Für institutionelle Anleger folgt daraus eine eigene Rechenschaftspflicht. Das Aktiengesetz verlangt bereits eine veröffentlichte Mitwirkungspolitik, einen jährlichen Umsetzungsbericht, Angaben zum Abstimmungsverhalten und Erläuterungen zum Einsatz von Stimmrechtsberatern. Die nächste Stufe ist unternehmensbezogene Begründung. Anleger sollten offenlegen, wer die Entscheidung über eine Vergütungsvorlage traf, welche Analyse vorlag und an welchen Stellen sie von externen Empfehlungen abwichen.
Die Zuständigkeit gehört weiterhin in den Aufsichtsrat. Dort lässt sich Verantwortung benennen. Das Aktionärsvotum braucht jedoch Folgen. Unter 75 Prozent Zustimmung sollte der Aufsichtsrat innerhalb von drei Monaten auf jeden wesentlichen Kritikpunkt antworten. Eine Mehrheitsablehnung sollte binnen sechs Monaten ein neues System auslösen. Erhöhungen der Maximalvergütung und außergewöhnliche Sonderboni gehören als eigene Punkte auf die Tagesordnung. Das Unternehmen muss zudem offenlegen, welches Aufsichtsratsmitglied die Vergütungsarchitektur verantwortet.

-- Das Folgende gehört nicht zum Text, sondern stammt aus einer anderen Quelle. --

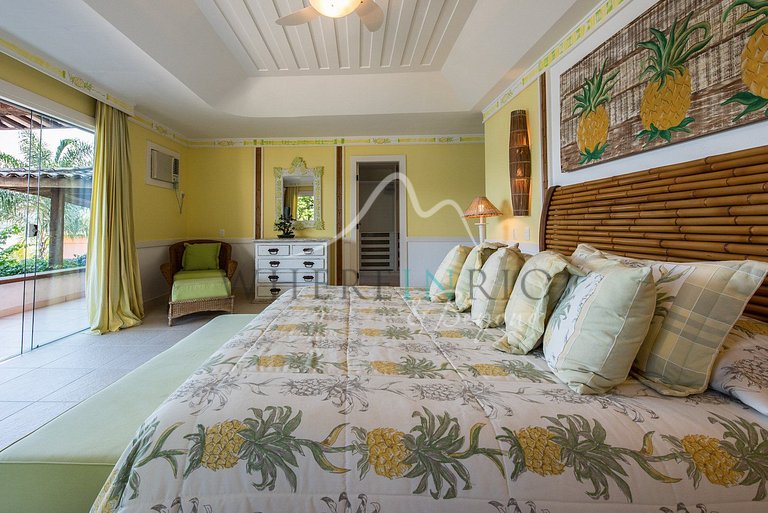 Linda casa com praia particular em Angra dos Reis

Der Preis der Selbstbestätigung
Die Höhe eines Chefgehalts bildet nur einen Teil der Gerechtigkeitsfrage. Sechs Millionen Euro lassen sich rechtfertigen, sobald ein Vorstand über Jahre einen klar messbaren, risikobereinigten Mehrwert schafft. Drei Millionen Euro wirken überzogen, sobald bequeme Ziele, günstige Marktbewegungen und ein nachsichtiger Kontrollkreis den Betrag erzeugen.
Hellwigs Diagnose bleibt aktuell: Formale Aktionärsmacht kann mit faktischer Managermacht zusammenfallen. Die Entwicklung seit seiner Analyse hat eine weitere Ebene geschaffen. Große Vermögensverwalter bündeln Eigentum, passive Produkte verlängern die Beteiligung, Stimmrechtsberater standardisieren Entscheidungen, und vielfach belastete Aufsichtsräte arbeiten innerhalb enger Vergleichs- und Karrierenetzwerke.

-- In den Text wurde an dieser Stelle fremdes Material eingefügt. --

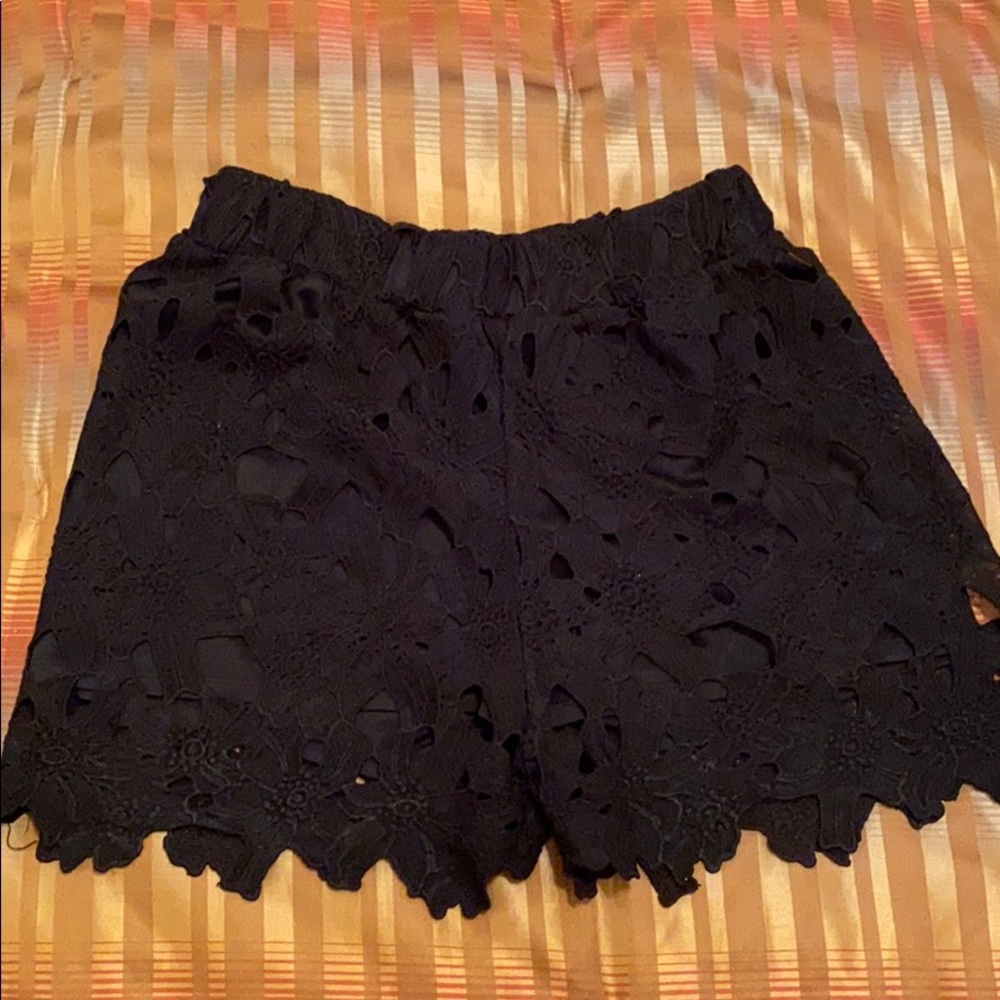 Black flower charlottte rouse shorts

Die Kontrollmechanismen versagen daher selten durch einen offenen Regelbruch. Sie verlieren Wirkung durch delegierte Verantwortung, knappe Zeit, kognitive Nähe und Kennzahlen, die Markterfolg mit Managementleistung vermischen. Das 42-Fache beim Gehalt und 89 Prozent Zustimmung auf der Hauptversammlung passen in dieses Bild. Die Verteilung öffnet sich, der formale Konsens bleibt. Wo jeder kontrolliert und keiner persönlich für die Qualität der Kontrolle einsteht, wird Vergütung zu dem Preis, den das System sich selbst bestätigt.